Board members have to monitor shareholders’ or unit-owners’ outstanding receivables. If receivables are not collected promptly and are allowed to increase over time, the entity’s cash flow will be negatively affected. To measure the time it takes to collect account receivables, we have to compute “Days Sales Outstanding,” commonly referred to as DSO. This will provide an understanding of the effectiveness of the entity’s collection policies and those in charge of executing those policies.
The formula to calculate DSO is total shareholder receivables divided by one-twelfth of the annual maintenance times 30 days. This will give you the number of days it takes to collect outstanding receivables. Generally, a CIRA should be collecting outstanding receivables well below a 30-day time period.
The income statement, sometimes referred to as the “statement of operations” or “statement of revenues and expenses,” will be informative about the operations of the property. Board members should be familiar with every line item within the income statement as these are the revenues and expenses the board should be monitoring all year.
Is the entity operating on a break-even basis, i.e., do operating revenues cover operating expenses?
This is one of the most important questions that can be answered by the income statement. Are maintenance or common charges set at an appropriate level to provide a break-even operation?
If the answer is no, then go back and compare cash balances and reserve fund levels from last year to the current year. You will probably see a decline in such funds as money will have to be drawn down to cover operating deficits.
If the answer is yes, then the financial condition of the entity will be more stable. Review all revenue and expense accounts and notice the variances from one year to the next and compare these figures to the operating budget. Inquire how the variances came about until you are familiar enough with the operations to answer these questions on your own.

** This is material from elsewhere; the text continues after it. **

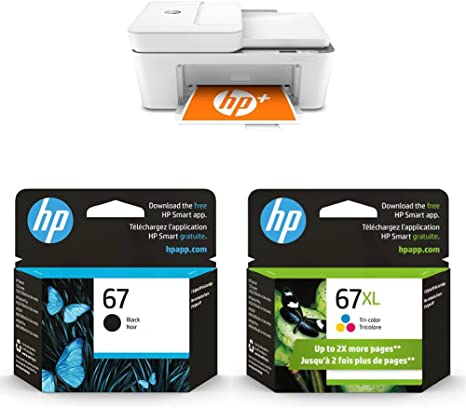 HP DeskJet 4155e Wireless Color All-in-One Printer & 67 Black Ink Cartridge | 3YM56AN & 67XL Tri-Color High-Yield Ink Cartridge | 3YM58AN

The cash flow statement is the least understood by most novice readers of financial statements. However, it is actually fairly straightforward and can be very informative about how cash was consumed during the year. The cash flow statement begins with the net income or loss of the entity. There are many non-cash adjustments to arrive at net income or loss. These include prepaids, accruals, and depreciation. The statement of cash flows removes all of these adjustments and is therefore able to present the net change in cash from the beginning of the year to the balance sheet date.
With the knowledge of some of these tools, you will be surprised at how quickly you will learn from your CIRA’s financial statements. Happy reading!